Due to these reasons, multi-module accident sequence contributions to the plant risk are insignificant. (NuScale Power LLC. 2020i, p. 19.1-114, 19.1-267). From the low MM-CDF, it can be concluded that core damage to multiple modules is unlikely to occur.
8 CONCLUSIONS
Instead of five diverse safety systems for each individual level of defence, the same safety systems often provide safety-related functions on multiple levels either during plant Operational States or Accident Conditions. Even though a clear distinction between plant Operational States and Accident Conditions can be seen, there are some exceptions where same safety systems have safety-related functions regardless of the plant state. These exceptions to safety system independency are justified differently in both facilities. In U.S. EPR, the safety-related functions of the same safety systems are different between plant Operational States and Accident Conditions. In NuScale, the safety-related functions of the same safety systems between plant Operational States and Accident Conditions are reliable, as they function passively and are actuated upon loss of electrical power.
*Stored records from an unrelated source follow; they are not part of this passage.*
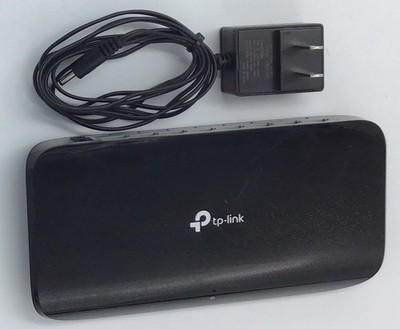 TP-Link TL-SG1008D 8 Port Gigabit Unmanaged Ethernet Network Switch i924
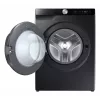 Samsung Waschmaschine - Trockner WD90DG6G94BBU4, Wasch-Trockner-Kombi, 9 kg - 5 kg, 1400 U/min, Energieklasse E, Tiefe 56 cm, Schwarz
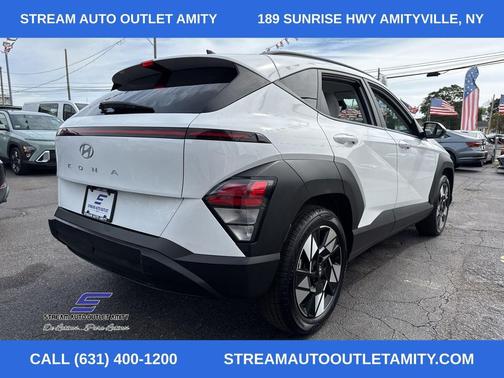 2025 Hyundai KONA SEL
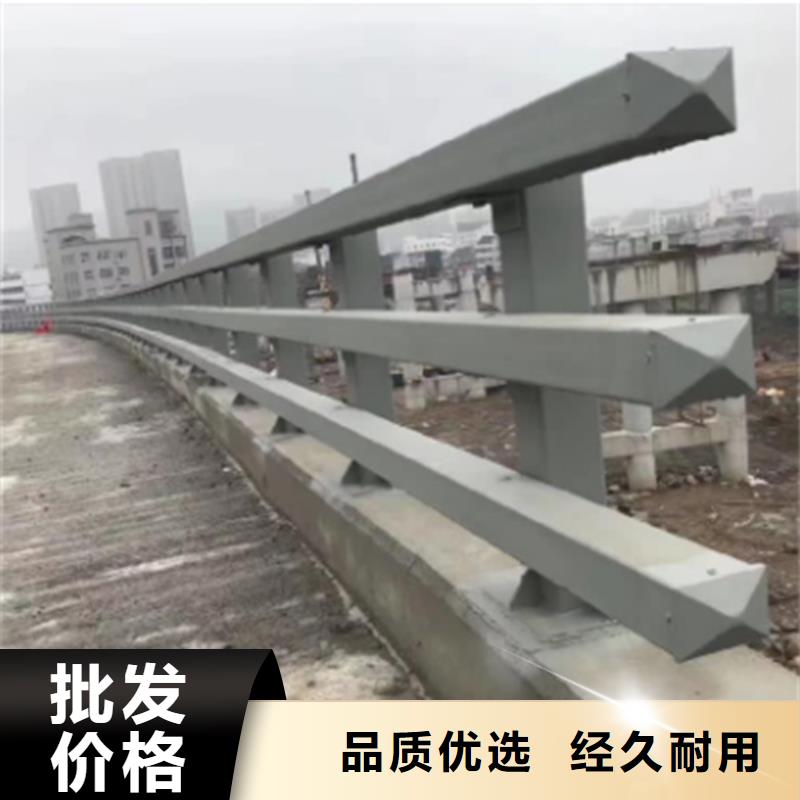 不锈钢桥梁护栏厂家现货充足品质不将就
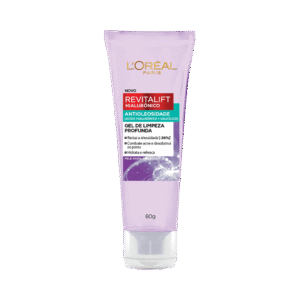 Gel de Limpeza Facial L'Oréal Paris Revitalift Antioleosidade 80g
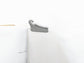 15-17 Hyundai Sonata Rear Left Seat Back Bolster Cloth Gray 89395-C2000-SMH OEM - Alshned Auto Parts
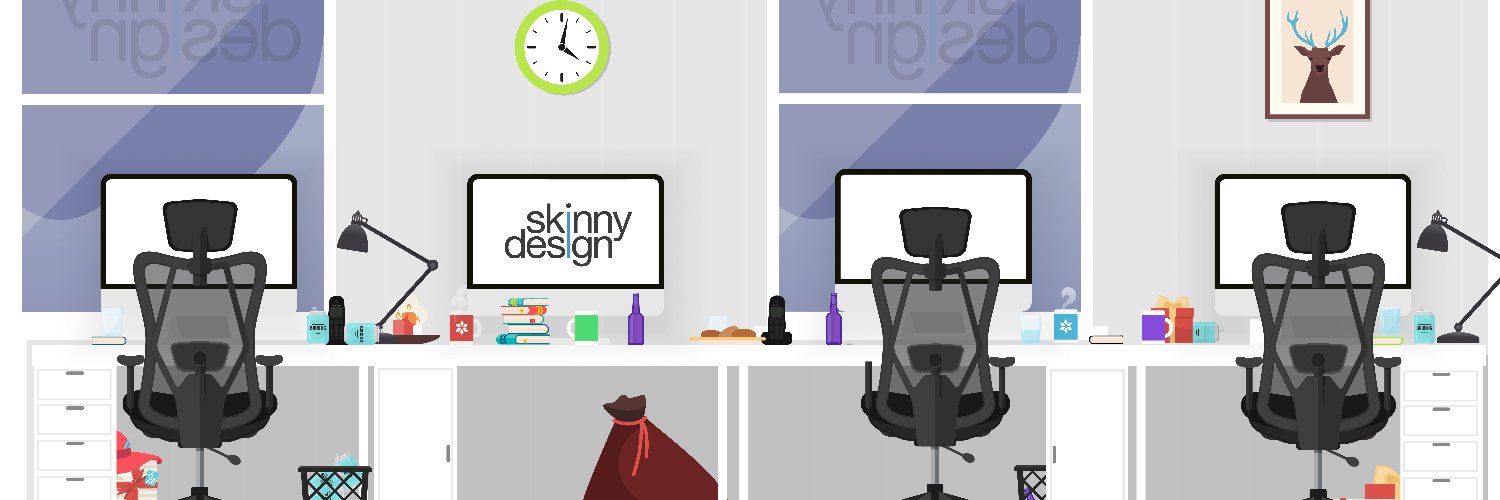Skinny Design banner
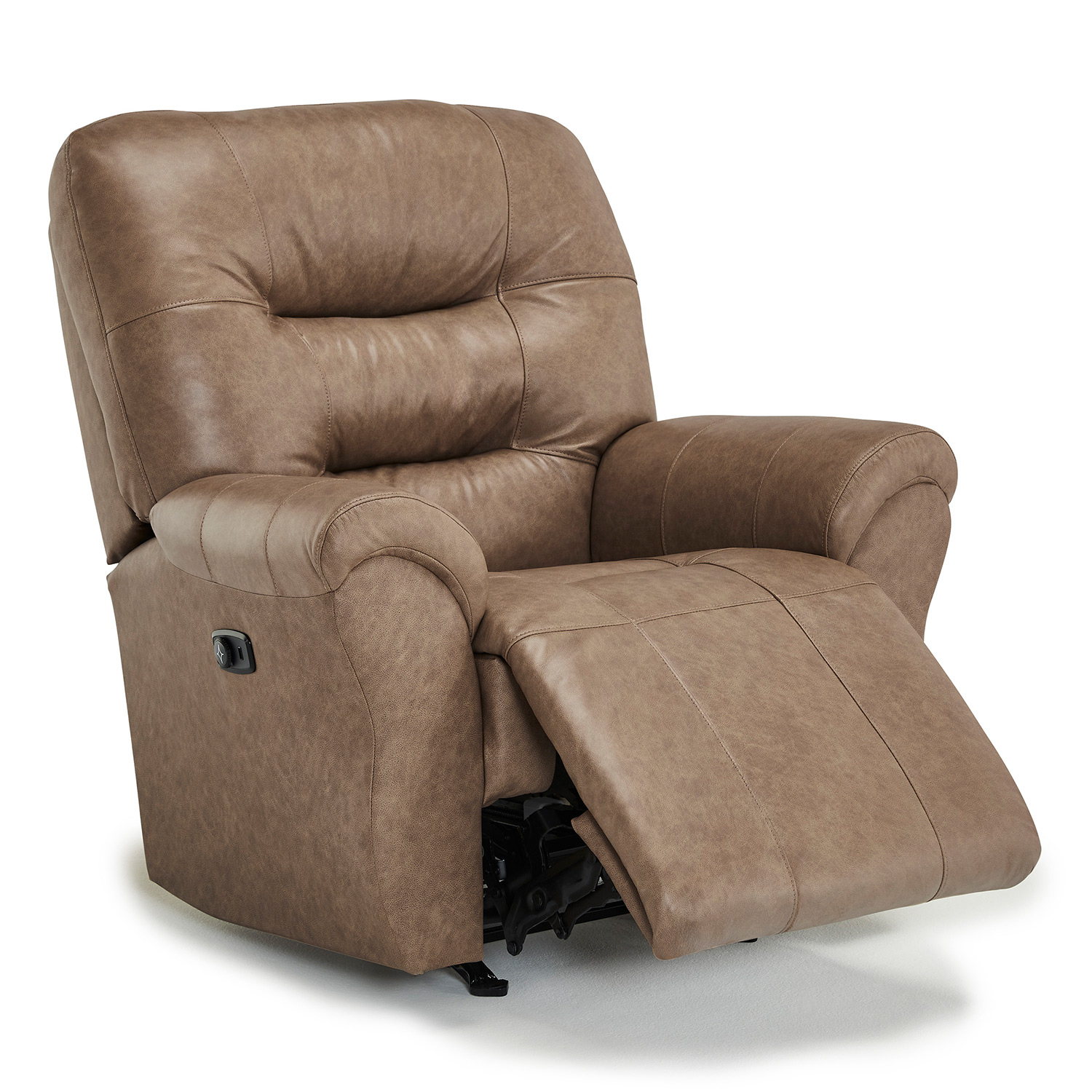 Unity - Medium-sized, Transitionally Styled Recliner - 7NP37 7NP37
Both facilities also implement safety systems that have two different main safety functions, but in none of these systems are their safety functions compromised for having two different main safety functions, as they can provide them simultaneously. As theoretically intended, there are also diverse systems that provide the same safety-related function on different levels of defence. This increases diversity and independency of plant safety.
Functional dependency occurs in both facilities, but when comparing the safety systems and heat removal chains, they are more complex and more dependent on other safety and support systems to achieve their safety-related functions in U.S. EPR than in NuScale.
Heat removal to the UHS is provided by the same heat removal chain, servicing multiple front-line safety systems in U.S. EPR during Accident Conditions. In NuScale, safety-related functions are achieved passively without any reliance on active systems or electrical power during Accident Conditions. Utilizing natural phenomena such as gravity and passive heat transfer through conduction and convection in the operation and safety systems makes its design less dependent on safety-related components and the intended
safety-related functions reliable. It also leads to heat removal chains being more straightforward in NuScale.
NuScale design implements fewer safety systems than U.S. EPR, as it does not implement diverse Residual Heat Removal System, diverse scram system, diverse Safety Injection System, or Containment Spray system. It does not implement any diverse safety systems during severe accidents with core melt either, apart from a single passive heat removal chain occurring. Additionally, NuScale implements fewer support systems. As operator action, electrical power and additional makeup water are not required to achieve and maintain safe shutdown conditions in NuScale, it minimizes the need for safety-related power supply and HVAC systems.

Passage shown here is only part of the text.